I’ve been mining the British Orienteering event results pages and have produced a websites presenting the results in a more effective way – i.e. athlete focused rather than event focused. I’m also having a go at recalculating the ranking score based on this data.
Unfortunately there are a couple of flaws:
- The BOF ID is not available on the source website, so I have had to construct a key based on name (which can be misspelled on results uploads from time-to-time) and club (ditto). This mainly works, except where people change club, in which case their results, run under other clubs, that contribute to their ranking score, won’t be included.
- It turns out that, with each new result upload, all the ranking points for all events going back the whole of the last year – possibly more – are recalculated. This has the effect of old scores drifting slightly – I wasn’t expecting the points to fluctuate in such a way. The effect is mainly small – so far one of my scores has drifted by 1 point – but another person’s score has drifted by 7 points. I could mitigate this by scraping all results over the last year every night, but this would put strain on BOF’s servers and they would probably not appreciate it – it would be over 5000 page requests over the course of several hours. So, instead, I’m updating the most recent 25 events nightly and may manually resync the whole year on an ad-hoc basis. The result is that, after a while, the scores don’t match precisely with those on the source website.
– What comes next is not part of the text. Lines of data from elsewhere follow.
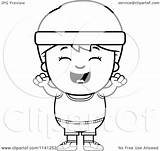 Fitness Cartoon Cheering Gym Boy Happy Coloring Clipart Thoman Cory Outlined Vector Regarding Notes sketch template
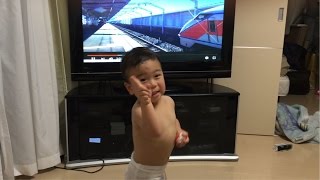 1歳8ヶ月の息子 はりきって私鉄電車を解説してます！超カワイイよ【高画質 SONY HDR-CX900で撮影】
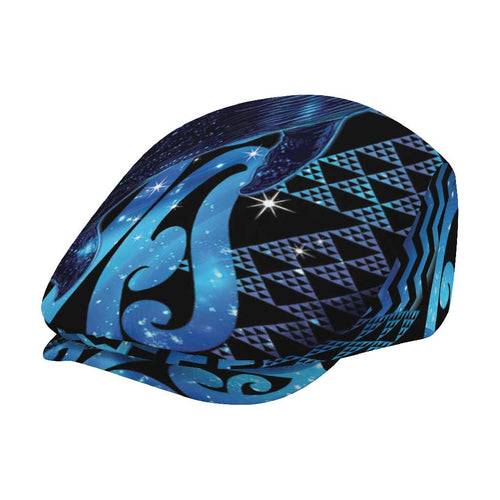 Humpback Whale Matariki New Zealand Jeff Hat NZ Maori Paikea Poutama Luxury Blue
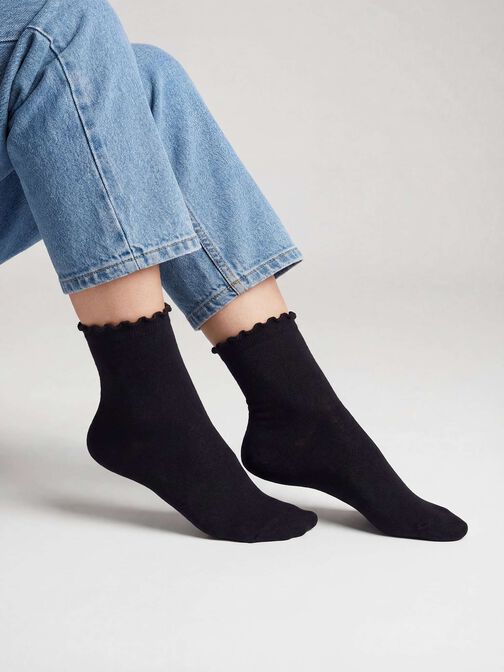 Socks 2-pack, storm/black, hi-res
The toughness scores for each event are just a bit of fun and based on the details of the course, not how well people did on it. The urban shading is also just based on the name of the event, rather than any specific metadata on the event that I am accessing. Such metadata may be available in the event details section of the source website but I am just using the results information here.
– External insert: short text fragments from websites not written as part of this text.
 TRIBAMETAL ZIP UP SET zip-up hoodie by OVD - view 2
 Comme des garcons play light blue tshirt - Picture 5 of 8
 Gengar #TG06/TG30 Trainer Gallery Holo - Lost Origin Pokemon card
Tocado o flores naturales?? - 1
The collation of a large number of results has highlighted various data problems, such as results appearing as HH:MM rather than MM:SS, or x,xxx km instead of x.xxx km. Unfortunately one of my own (few) event result uploads suffered the first problem. This doesn’t affect the points at all, because the times within each course are only used on a relative, not absolute, basis, but it does preclude me, for example, totalling the “yearly run hours” for each athlete, without cleaning up the data on my side.
You can see the stats here – type in your name and club to see your stats. See the notes on the search page, e.g. most Level D events not included. You can also compare two people, looking at where they ran the same courses at the same event.